Siobhan Carter-David, Ph.D. will present “Garbing Gods on the Big Screen: Cultural Nationalism and Fashion in Hip-Hop Cinema”

Event time: 
Wednesday, January 16, 2019 - 5:00pm
Location: 
The Whitney Center See map
200 Leeder Hill Drive
Hamden, CT 06517
Event description: 

Siobhan Carter-David, Ph.D., is Associate Professor of History and Affiliate Faculty in the Women’s Studies Program at Southern Connecticut State University. She will present “Garbing Gods on the Big Screen: Cultural Nationalism and Fashion in Hip-Hop Cinema,” exploring how film directors in the 1980s and 1990s employed—and in some ways helped to shape—archetypes in the creation of politically conscious black male characters in films geared toward the hip-hop generation. Using both satire and earnestness, these archetypes became identifiable through an intra-cultural understanding of the lingo and rhetoric of two historic waves of black cultural nationalist ideology, but also through the material culture that they produced: namely, African and Islamic-inspired attire and accessories which serve as both subtle and covert audience signals. The creation, sartorial styling, and community reception of these character tropes reveal the historic and contemporary complexities in the adornment of the black body as separate from, or part and parcel of, one’s racial politics.

Siobhan Carter-David is a cultural historian of the experience of African descended people in the United States. Her work deals with the imaginative and complex ways that blacks have, particularly in post-Civil Rights America, created worlds inside of worlds that respond to, but develop a discourse independent of, the white gaze—largely through the examination of fashion and dress norms in the evolving, expansive, and sometimes enigmatic annals of black style.

Carter-David is Associate Professor in the Department of History and affiliate faculty in Women and Gender Studies at Southern Connecticut State University, teaching in the areas of fashion/beauty studies, women and gender studies, and African American, African Diasporic, urban, and contemporary United States histories. Her book project “Issuing the Black Wardrobe: Fashion and Anti Fashion in Soul and Post-Soul Publications” explores fashion as a racial uplift strategy of African American magazines in the two decades following the Civil Rights Movement. She is author of several chapters in edited volumes and exhibition catalogues, writing on black style, feminism, and print culture.

As a public historian, she has worked with museum and special collection curators on projects involving various facets of African American and broad-based United States cultural histories, even curating her own exhibit as a graduate student. “Strong Shoulder” explored the meaning of “power dressing” in its 1980s heyday, as well as its position within third-wave feminism and corporate culture.

A number of internal grants from Indiana University and Connecticut State University, as well as the Schomburg Center for Research in Black Culture Scholars-in-Residence Program Travel Award and the Andrew W. Mellon Foundation/Moorland-Spingarn Research Center Travel-to-Collections Grant have supported her work.

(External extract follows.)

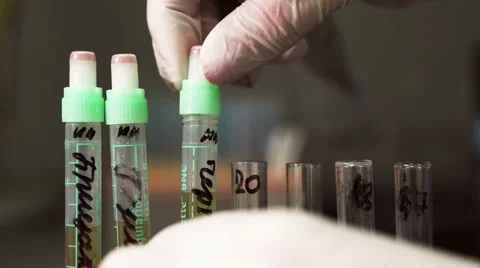 Test-tubes with blood for testing and analysis at modern medical laboratory Stock Footage 59512829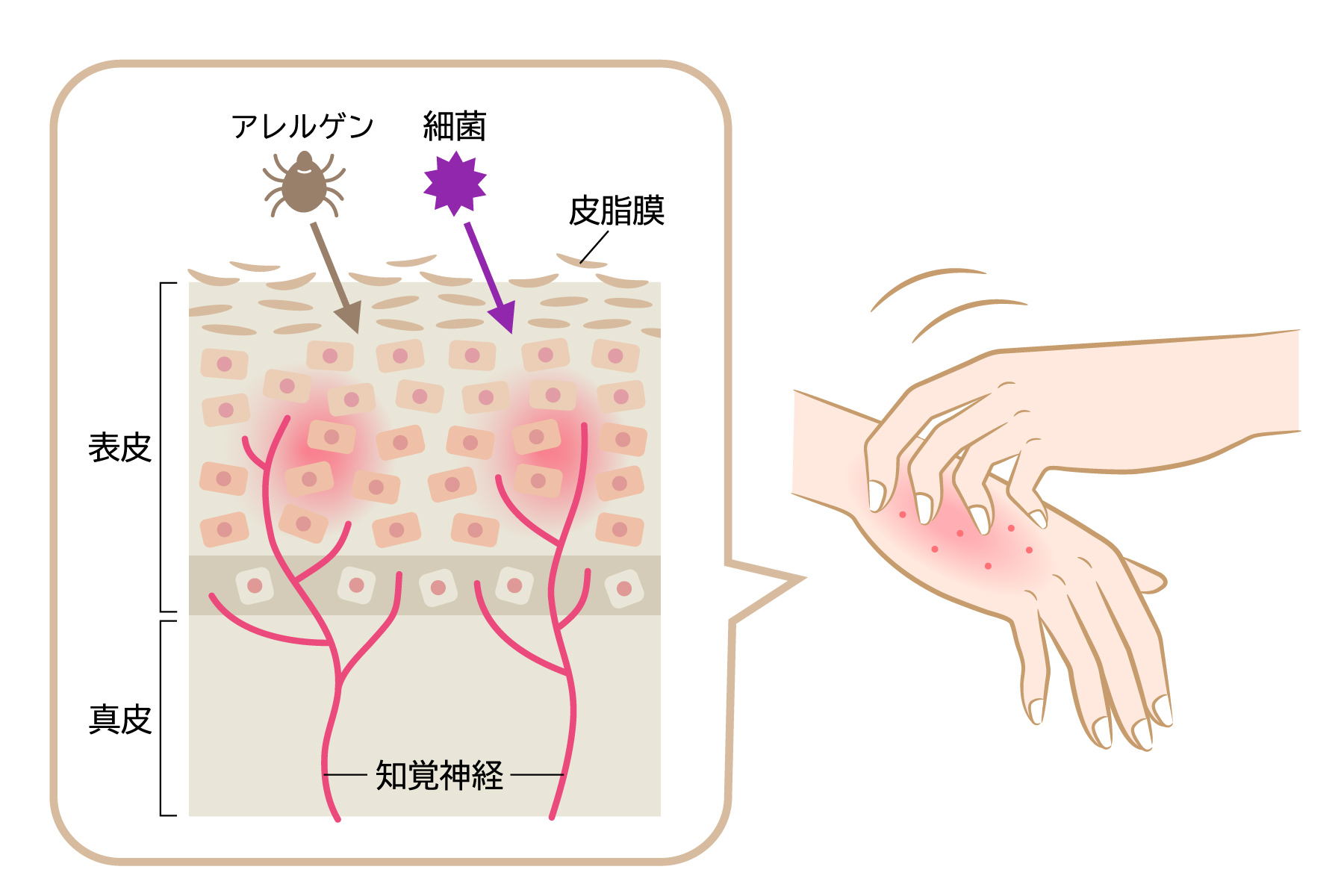 手湿疹がアレルゲンや細菌によって引き起こされるメカニズム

Carter-David received her B.A. in English from Morgan State University (2001), her M.A. in United States History from City College/City University of New York (2004), and her dual PhD in History and American Studies from Indiana University (2011), where she was Organization of American Historians Diversity Fellow.
 

Dinner followed for CAAS members and guests. (Dinner fee is $38.00/person) 

Click here to pay online.
 
For information, dinner reservations, and directions, phone the CAAS office at (203) 432-3113 ext. 2 or email: caas.membership@yale.edu
 
Dinner reservations are required by the Thursday prior to meeting. Any cancelations must be received 48 hours before the meeting in order for us to refund dinner cost.  
 
Free parking is available.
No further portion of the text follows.